> Try it
Please return every record exactly, with no pictures included.

> Source data
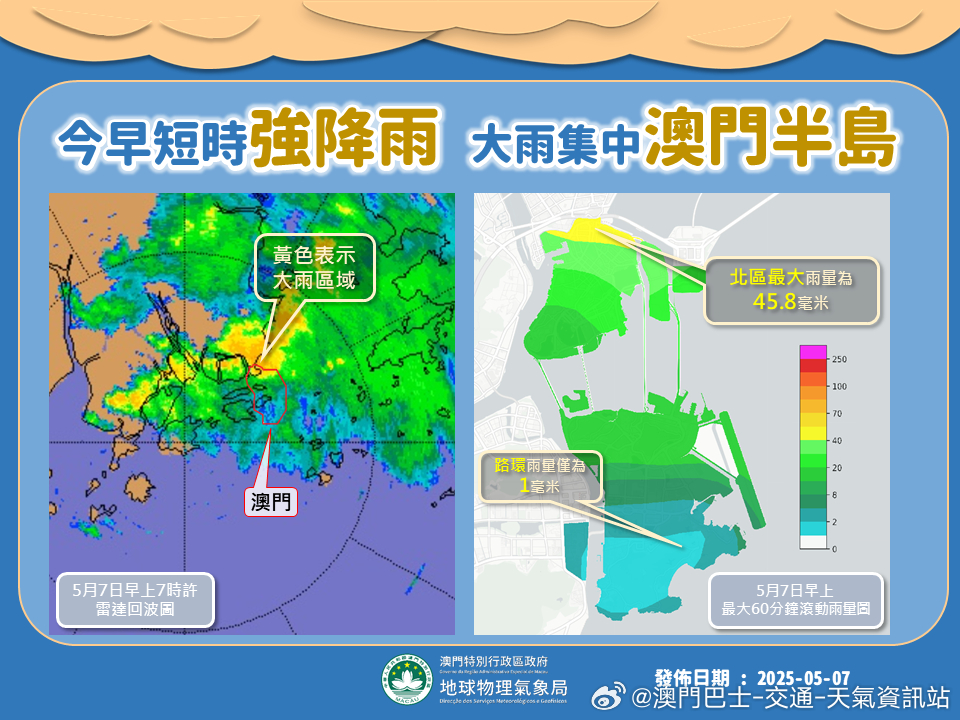 澳门六月天气的降雨变化及其原因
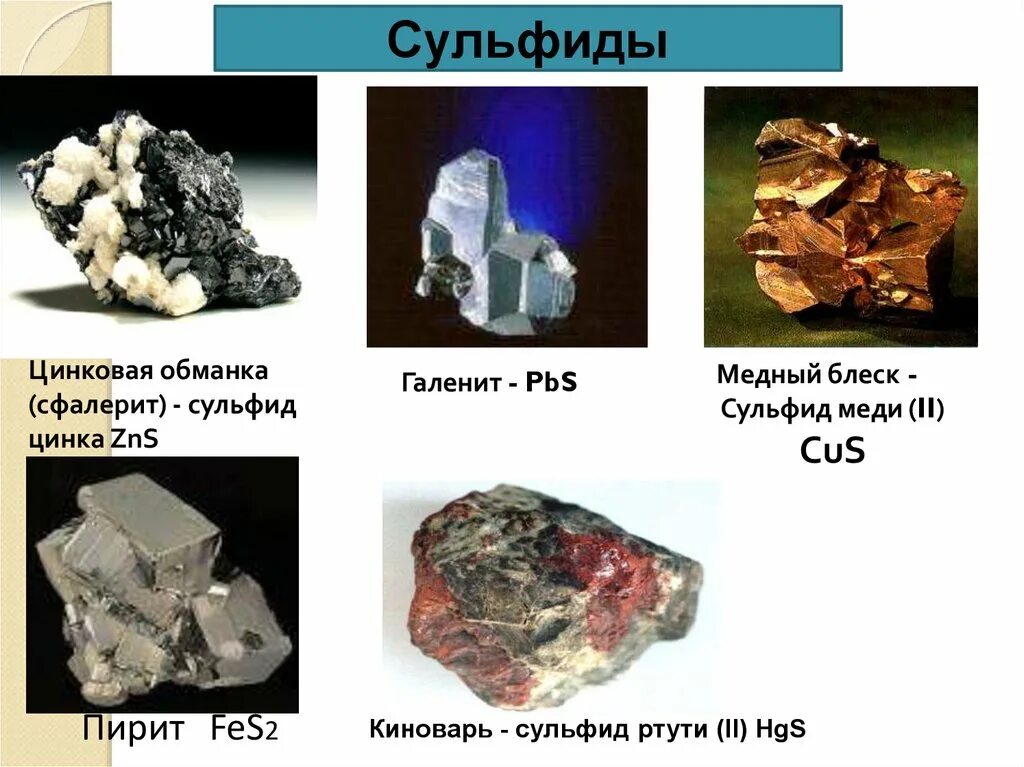 Сульфид меди минерал. Минералы с металлическим блеском. Медный блеск формула. Медный блеск сульфид меди. Zns какое вещество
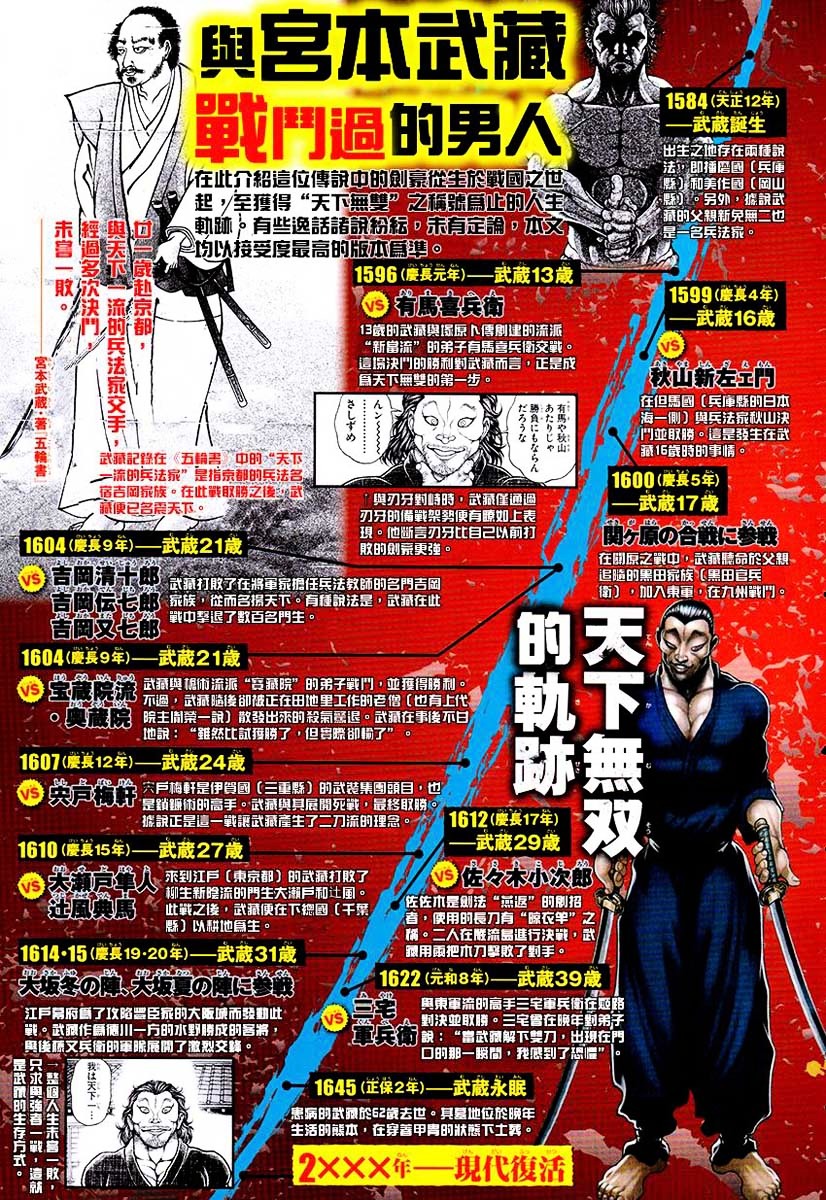 Baki Dou Chapter 43 page 6 - Chapter 43 : Weapon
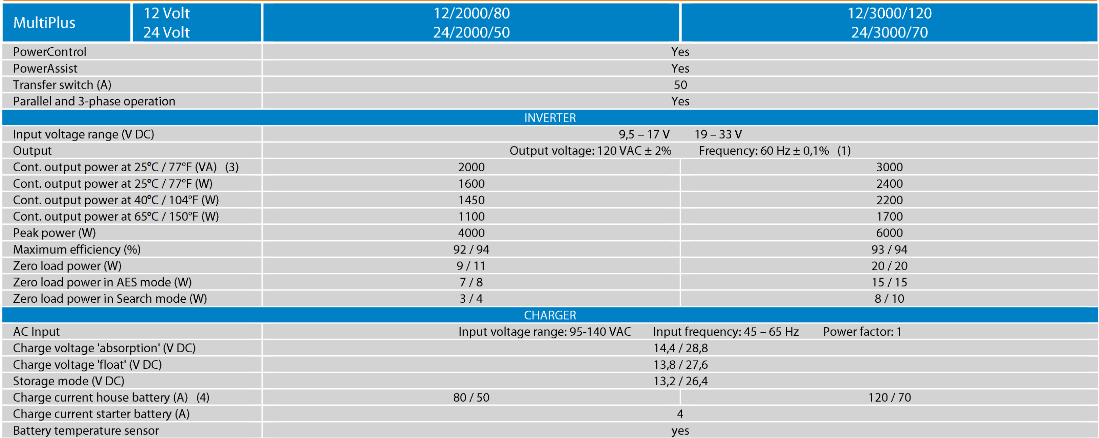 Victron MulitPlus Specifications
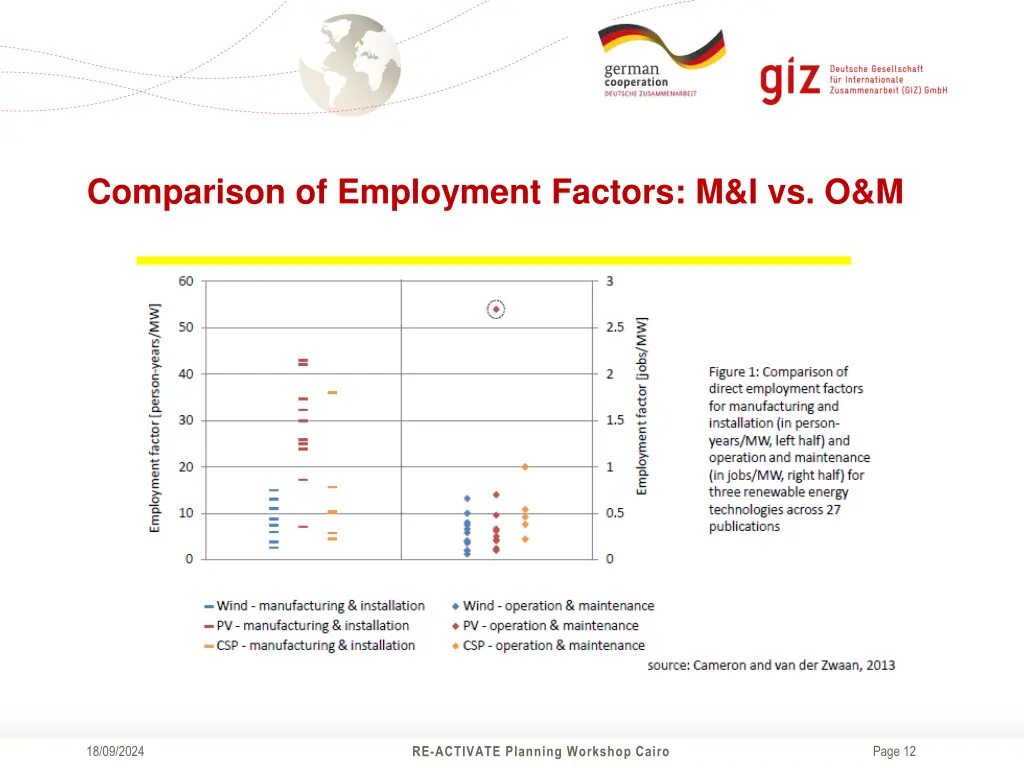 comparison of employment factors m i vs o m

> Reply
 澳门六月天气的降雨变化及其原因
 Сульфид меди минерал. Минералы с металлическим блеском. Медный блеск формула. Медный блеск сульфид меди. Zns какое вещество
 Baki Dou Chapter 43 page 6 - Chapter 43 : Weapon
 Victron MulitPlus Specifications
 comparison of employment factors m i vs o m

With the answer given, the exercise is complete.